Last month Harvard released a discussion paper by Edward Glaeser and Cass Sunstein, “Moneyball for State Regulators.” As published in the summer edition of National Affairs, that analogy is dropped, but I can’t resist a Moneyball analogy, so the quotes below are from the Harvard version. (Glaeser and Sunstein also wrote about their idea in a Sunday Wall Street Journal op-ed.)
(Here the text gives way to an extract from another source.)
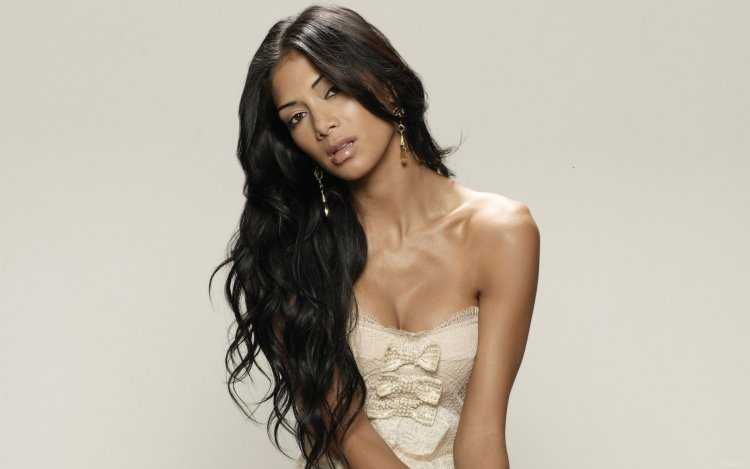 Брюнетки с теплым оттенком кожи29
Glaeser and Sunstein basically argue that the federal government has required cost-benefit analyses of regulations, “allowing agencies to go forward, and to burden the private sector, only if the benefits justify the costs”—and state and local governments should do so as well:
In 2011, the Obama Administration, with bipartisan support, called for an ambitious process through which federal agencies would periodically evaluate their existing rules, with the goal of eliminating or streamlining them when cost-benefit analysis suggested that elimination or streamlining was warranted. The “regulatory lookback,” as it is called, has produced over 500 reform proposals, and it is saving billions of dollars each year. While the lookback remains a work-in-progress at the national level, there is every reason to think that states should be engaging in lookbacks of their own, eliminating and streamlining burdensome requirements.
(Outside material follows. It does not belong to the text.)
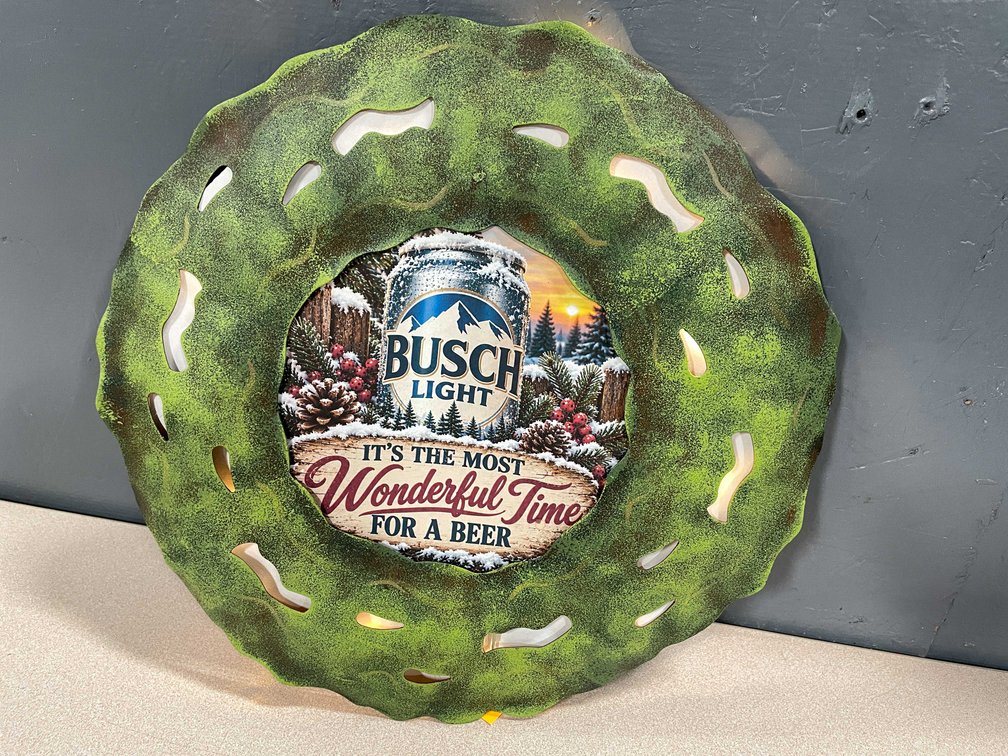 Busch Light Lighted Metal Christmas Wreath (T2)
In some ways, states might be able to go far beyond the efforts of national government, because of their relative capacity and incentive to innovate. We envision a kind of competition at the state level, not to produce a mutually destructive “race to the bottom,” but to activate creative thinking about how to institutionalize regulatory simplification, freeing up the private sector while also improving, and certainly without jeopardizing, public safety, health, the environment, and quality of life.
Moneyball comes in due to the elevation under this proposal of data over intuition:
When the evidence is clear, it will often lead people with different values to the same conclusion. If a regulation would save many lives and cost very little, people are likely to support it regardless of their party identification, and if a regulation would produce little benefit but impose heavy costs, citizens are unlikely to favor it regardless of their abstract ideas about government. No less than the national government, state and local governments should be moving in the direction of Regulatory Moneyball, making choices about rules on the basis of careful analysis rather than intuitions, anecdotes, dogmas, and impressions.
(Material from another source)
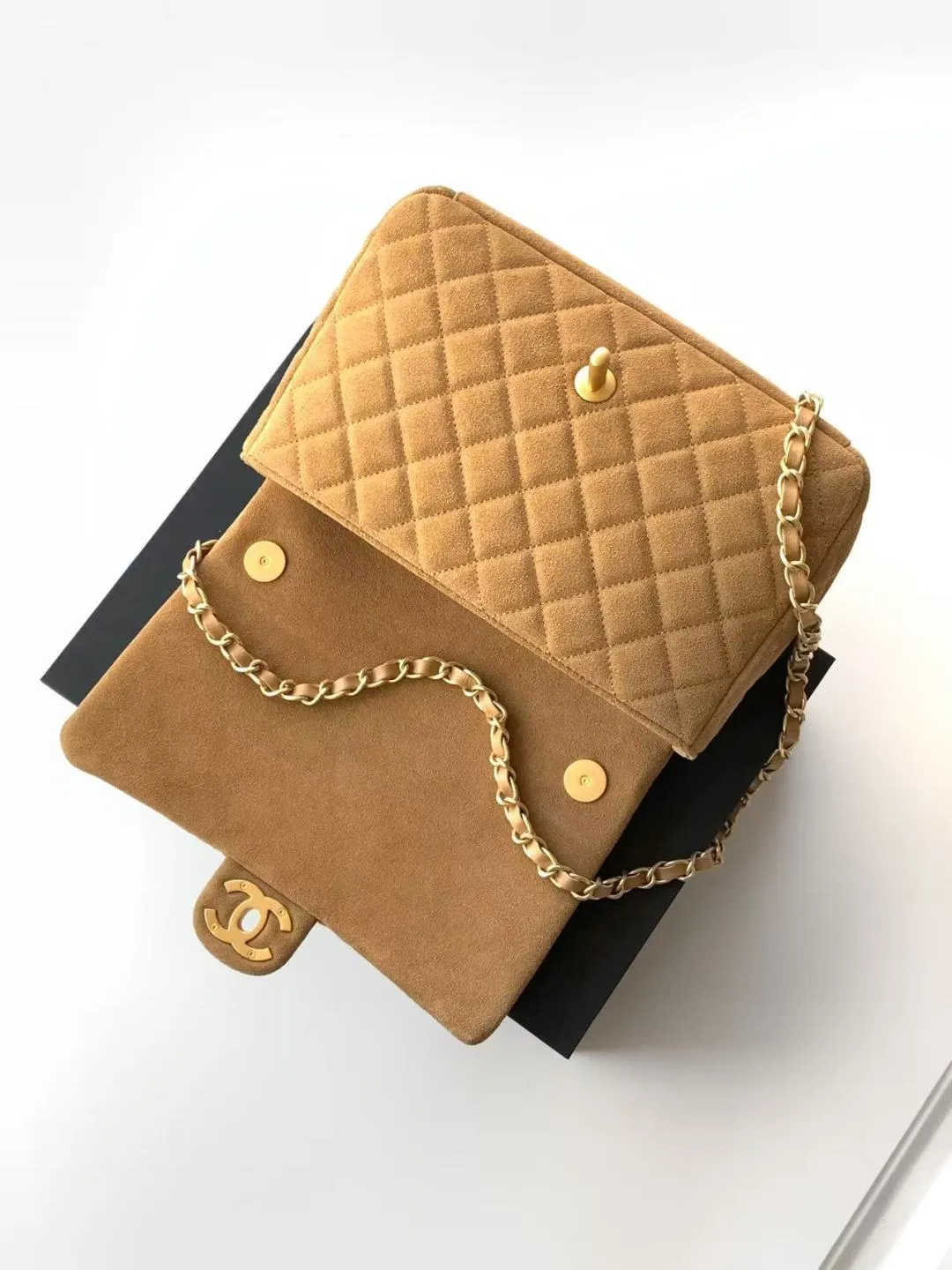 All Categories Chanel Women's Bag 2 (Chanel) Chanel Original AS5991 Medium Size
This all has real-world implications. Glaeser and Sunstein write about the regulatory consequences on jobs, prices, and neighborhoods:
For example, there is a detailed literature in the relationship between regulation and job loss, and while any particular assessment requires a great deal of technical work, there is no question that some regulations cost jobs. And whenever regulations impose high costs, they can increase prices as well, straining consumer budgets and reducing consumer purchases as well (a particularly serious problem for the poor). . . .
There are reasons behind all of these rules [liquor licenses, occupational licensing, etc], which aim to limit public nuisances and health hazards, but together they can have serious adverse effects and even kill a neighborhood. Moreover, none of these rules have ever been subject to the kind of analysis performed daily as a result of the OIRA process. Many studies have found that entrepreneurship is the life’s blood of urban regeneration, which means that new business regulations that stymie entrepreneurship can have particularly large costs.
Thus, urbanists should find the proposal promising.
There are countless examples of regulations that would most likely fail a cost-benefit analysis. From Walter Russell Mead’s blog this week:
LA’s housing might be the most expensive in the nation, but it isn’t the only place where regulations drive up housing and other costs. . . . In response, liberals often propose further redistributing resources to make the higher prices more bearable for lower-income families. But this is grabbing the wrong side of the stick: policymakers ought first to clear away the regulations squeezing the incomes of working families and then see what, if any, redistribution measures are necessary.
See our Thrive Washington paper, “Confronting Washington State’s Overlapping Regulatory Structures,” for similar ideas on making regulations work. In the paper, we made several recommendations, including the creation of a permanent task force to monitor legislative and gubernatorial rulemaking and watch for emerging conflicts. Also, Washington has a statute (RCW 34.05.328) that requires cost-benefit analyses of significant legislative rules from certain agencies. We recommended that it be strictly applied and enforced, and we recommended that regulatory agencies be required “to adopt only the ‘least burdensome rule’ which implements expressed legislative intent.”
As we noted then, “Regulations happen for a reason. They are designed to protect consumers, workers, citizens and the environment. The trick is stopping when new regulations add costs without adding benefits.”